A short article from the Marine Corps Times;

A Marine MV-22B made a hard landing Friday in Syria, a military official said.

One service member suffered non-life threatening injuries and several other troops aboard were uninjured, the official told Military Times.

No enemy fire was involved in bringing the Osprey down, the official said.

The Osprey isn’t supposed to be able to fly and it often proves it. Thank you, God, that there were no serious injuries.

Comments

20 responses to “USMC Osprey has “hard landing” in Syria”

  1. The Other Whitey

    They did make sure that nothing was left of the aircraft for either the muj or the Russians to get their meathooks on this time, right?

    1. Mayhem 11

      Really? You think the Russians want to have anything to do with this POS technology?Then again, they would learn how not to build a “aircraft “.

  2. Graybeard

    “Thank you, God, that there were no serious injuries.”

    AMEN.

    1. Sparks

      ^^^This^^^

  3. IDC SARC

    Hopefully they rigged the wreck for instant maximum martyrdom.

  4. This bird should be renamed “The Turkey.”
    A cunning device for making Marines 2 inches shorter

  5. This bird should be renamed, ” The Turkey.”
    A cunning device to make Marines two inches shorter

  6. 26Limabeans

    Everytime I see one of those it reminds me of the rural mailboxes with a wind driven model of a guy sawing wood or a woman churning butter.

  7. Ex-PH2

    Very glad that there were no serious injuries.

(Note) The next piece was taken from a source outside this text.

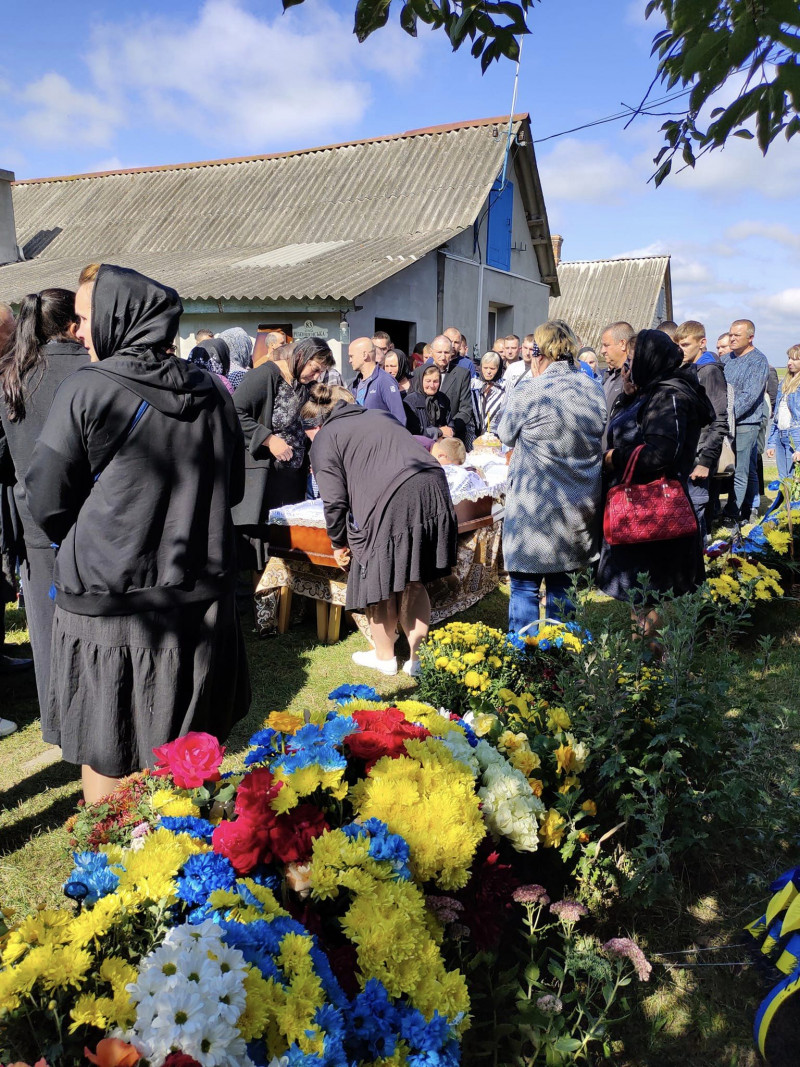 Син та донька залишились без батька: на Волині попрощалися із бойовим медиком Петром Лавренюком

    Is the issue mechanical with these birds? Or is it just a bad design?

  8. Sparks

    “The Osprey isn’t supposed to be able to fly and it often proves it.” Truer words were never spoken.

  9. AW1Ed

    “Any landing you walk away from is a good one. Any landing you can actually re-fly the aircraft afterward is a great one.”

  10. A Proud Infidel®™

    “The Osprey isn’t supposed to be able to fly and it often proves it. Thank you, God, that there were no serious injuries.”
    Thank God for that!

    One way I choose to describe the Osprey is sometimes it’s a helicopter, sometimes it’s an airplane, and other times a twisted piece of scrap metal the US Government used to call an Aircraft.

  11. Cris

    Unfortunately, my son and his unit have to fly in these over there as we speak…hope to hear from him soon.

  12. john scanlon

    I was crewing Huey’s at Ft. Hood after my return from Central America. Crewing for the 6th Cav Col I went to a sales show at Bell Textron, Ft. Worth. All V.I.P.. I was told to stand up and some 3 star general wanted to know “what I thought” “Not what I thought he wanted to hear”. I told the truth and said I’d much rather have the Huey outside parked. And it looked like it would flip over. He told me, ” I agree with you son” “Now sit down”. 1986

    1. Pretty neat story.

      The V-22 first flew in 1988.

      1. john scanlon

        This was 1986, this was testing and development stages.

      2. john scanlon

        This was the same time frame that the Apache’s and Blackhawks were replacing the Cobra’s and Huey’s. So the Army was eyeing the Ospry. Mostly testing via the 6th Air Cav. At Ft. Hood, Tx.

  13. john scanlon

    The Ospry would flip over…Sorry

  14. Redacted1775

    Other articles are saying the incident is under investigation. Reason for crash: It’s a fucking MV-22. No investigation needed.

  15. vetfromhell

    They have been dangerous since their inception.